É por meio dessa medida que o governo catarinense tem silenciado professores, como Puerto, que não é um caso isolado no Estado. Contudo, a legislação brasileira sobre proteção de dados e de direitos autorais assegura proteção a casos como o da professora, considerando ilegal qualquer gravação feita por um terceiro sem autorização.

 

Segundo a docente, a própria CRE reconhece que a prova fornecida para denúncia é “ilegal”. “Eles assumiram que a gravação é ilegal, assumiram que a gravação não pode ser usada como prova e está tudo registrado. Inclusive, eles orientam que a escola faça um trabalho de reflexão e de divulgação da Lei de Proteção de Dados”, revela.


Atuação em defesa da educação


O caso de Carolina M. Puerto guarda ainda outras proporções, uma vez que ela ocupa a Diretoria de organização da Regional de Florianópolis do Sindicato dos Trabalhadores em Educação na Rede Pública de Ensino do Estado de SC (SINTE/SC), que coordenou a greve do magistério de Santa Catarina.


Naquela ocasião, com as grandes proporções dos atos, o governador despachou uma carta às escolas com ameaças de demissões. “Nós estávamos à frente da greve, no sentido que a Regional Floripa teve uma expressão maior durante o movimento por várias razões, principalmente por ser na capital. Mas nós saímos da greve em uma situação muito difícil. Eu nunca tinha visto um governador assediar por meio de um documento, inconstitucional, em que ele registrou ameaças de demissão”, conta.


Puerto enxerga relação do episódio com a rapidez em que se deu o seu processo de afastamento e a justificativa de “militância política” para instauração do PAD. “Ao mesmo tempo, porque eu sou só mais uma professora, mas entendo que é um recado muito claro”, diz. 

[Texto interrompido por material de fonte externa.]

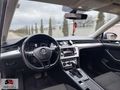 "HAS-CAR" PASSAT - HATASIZ - DEĞİŞENSİZ - 180.000 KM - COMF.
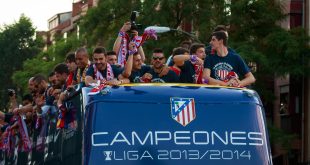 Atleti e Pressione Sociale: Strategie di Affrontamento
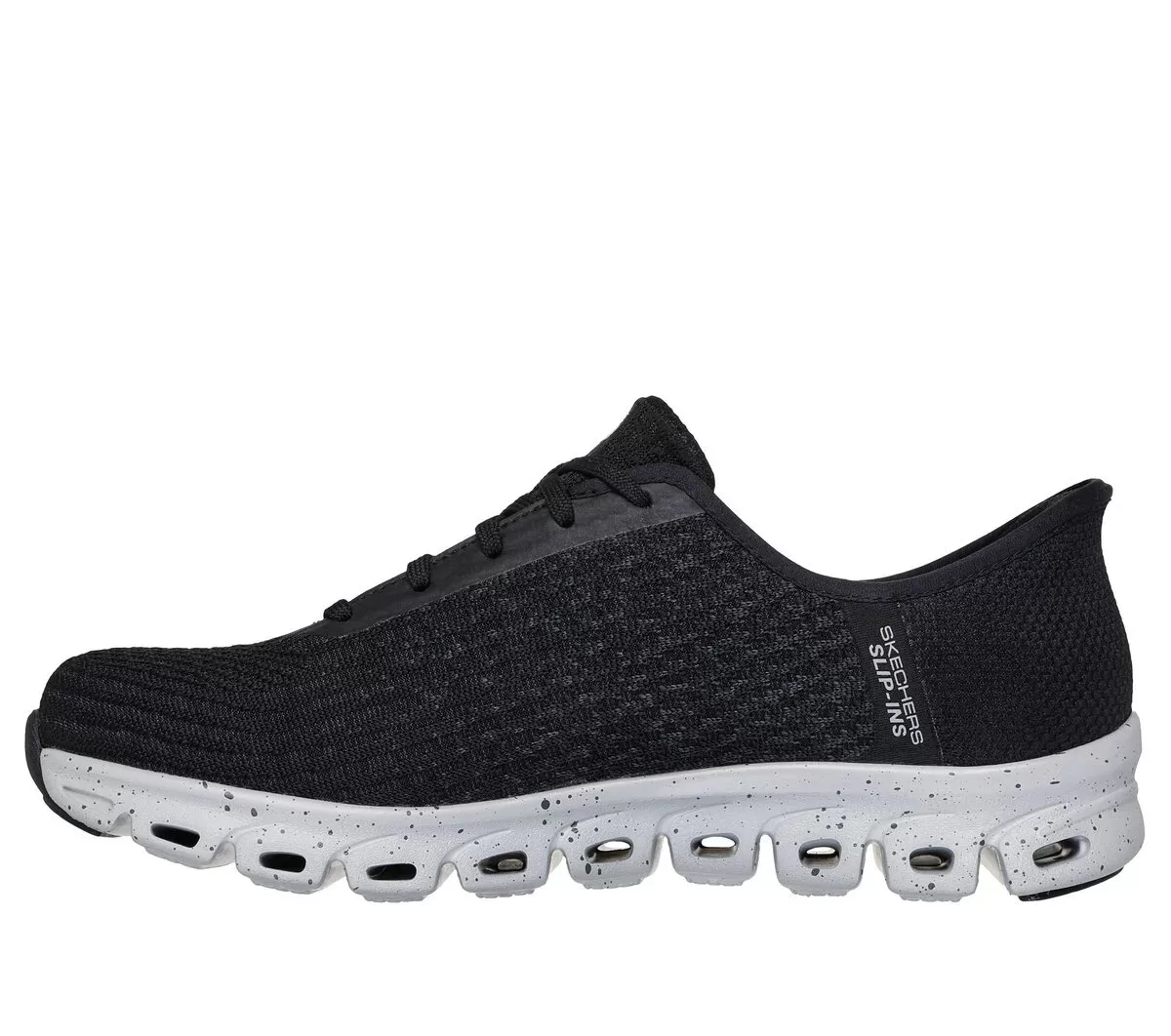 Skechers Slip-ins Waterproof: Glide-Step Skechers Slip-ins Waterproof: Glide-Step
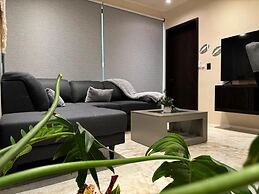 Talulah Living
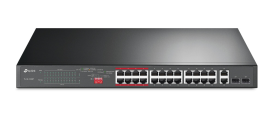 TL-SL1226P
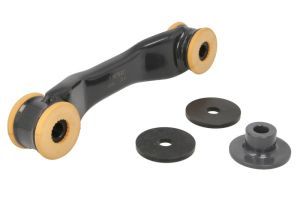 Tuleja zawieszenia kabiny kierowcy FE187826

Ainda assim, a professora ressalta que este não é um problema individual: “É uma questão coletiva, porque Santa Catarina é um lugar que tem uma série de casos como o meu. Não gosto da exposição individual, eu entendo como uma questão coletiva.”


Mobilização


Consternados com a situação de Carolina, os docentes da EEB Simão José Hess publicaram uma carta aberta à comunidade escolar, manifestando “apoio irrestrito” à professora, inclusive salientando que o trabalho com conteúdo sobre desinformação é “orientado pelos cadernos curriculares do território catarinense a respeito do Novo Ensino Médio”.

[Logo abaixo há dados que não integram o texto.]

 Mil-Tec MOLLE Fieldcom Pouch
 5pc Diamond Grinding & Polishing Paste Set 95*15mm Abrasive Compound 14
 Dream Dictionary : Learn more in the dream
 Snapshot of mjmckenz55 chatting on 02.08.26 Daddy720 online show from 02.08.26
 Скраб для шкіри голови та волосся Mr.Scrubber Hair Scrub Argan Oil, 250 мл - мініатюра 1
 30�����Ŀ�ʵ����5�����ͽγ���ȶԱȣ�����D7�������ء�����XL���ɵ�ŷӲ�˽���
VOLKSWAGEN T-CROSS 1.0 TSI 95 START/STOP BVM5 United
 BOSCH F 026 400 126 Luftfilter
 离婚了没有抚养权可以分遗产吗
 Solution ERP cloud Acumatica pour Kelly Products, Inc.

Estou recebendo um apoio que eu não tenho direito de não encarar isso da melhor maneira possível. Todo o apoio é fundamental, mas, sem dúvidas, o que mais me emociona e fortalece é o apoio que eu tenho recebido dos estudantes”, relata Puerto. 


Na próxima terça-feira (25), colegas da docente irão se reunir em um ato, em frente à sede da Secretaria de Estado da Educação, em Florianópolis, a partir das 13h. 

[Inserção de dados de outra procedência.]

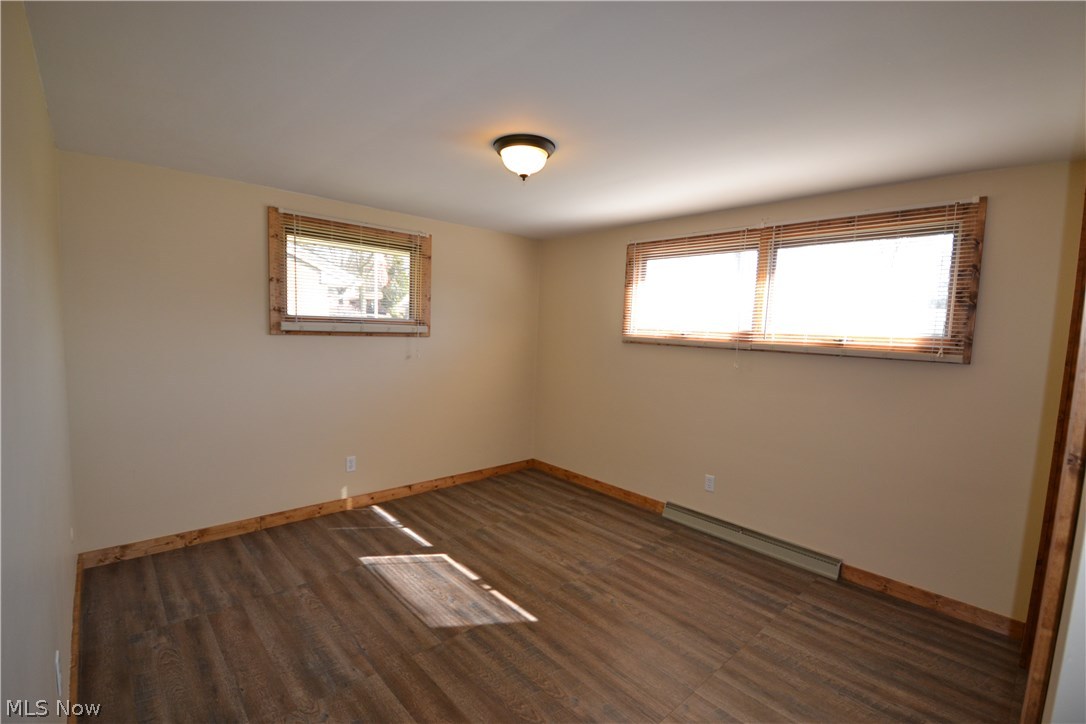 4727 4th Street Northwest Canton, OH 44708 - Photo 22 of 32 Gallery Image 22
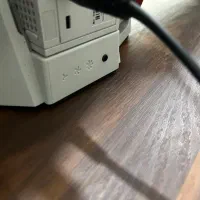 ایکس باکس سری اس دودسته ۵۰۰گیگ|کنسول، بازی ویدئویی و آنلاین|تهران, آذری|دیوار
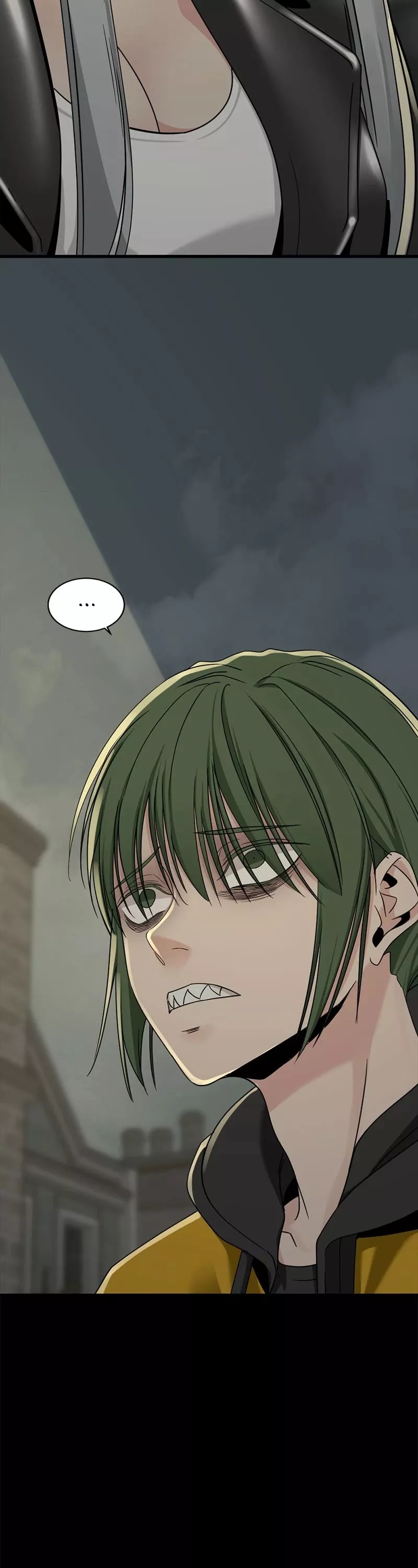 Read Hero Killer (Beolkkul) chapter 52 image 11 on Lezhin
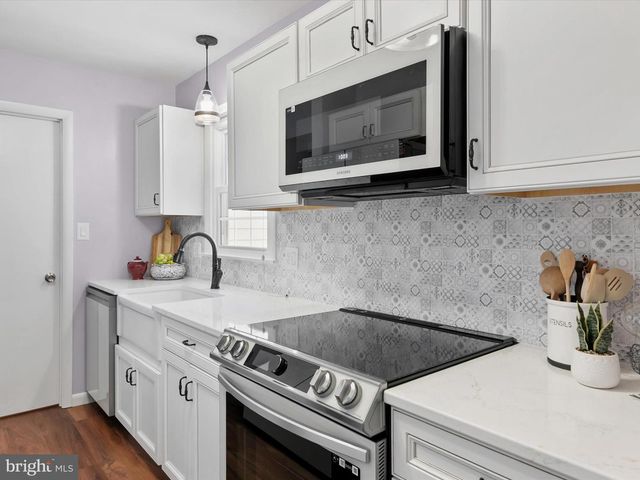 30974 CREPE MYRTLE DR #39, Millsboro, DE 19966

O ato é em defesa da liberdade, contra a perseguição de trabalhadores da educação e para que o processo seja suspenso e que eu retorne ao meu trabalho. Vamos estar lá pelo meu retorno, mas também porque não podemos mais aceitar esse tipo de perseguição absurda,  que tem levado não só ao afastamento, mas ao adoecimento de professores”, completa Puerto.



***


Na avaliação do SINTRAM-SJ (Sindicato dos Trabalhadores do Serviço Público de São José, a atitude do governador Jorginho Mello, através da Secretaria da Educação, confirma o quanto o autoritarismo segue firme em Santa Catarina. É vergonhoso e injusto afastar uma professora acusando-a de fazer “militância política” em sala de aula, além de inconstitucional.


Conforme cartilha divulgada pelo Fórum Nacional Popular da Educação, “todo docente tem o direito constitucional de liberdade de cátedra, que consiste em não sujeição à censura em respeito aos princípios da liberdade de aprender, ensinar, pesquisar e divulgar o pensamento, a arte e o saber e o pluralismo de ideias e de concepções pedagógicas.”


A cartilha ainda afirma que “a livre discussão ou o debate acerca de concepções filosóficas, políticas ou religiosas não se confunde com propaganda político-partidária ou doutrinação ideológica.” Diante disso, fica registrada aqui a solidariedade do Sintram-SJ a todas as professoras e professores que lutam diariamente por uma educação libertadora.


Portanto, na avaliação do sindicato, é preciso cobrar o retorno urgente da professora a sua atividade profissional, garantindo o pleno direito de exercer seu ofício com liberdade!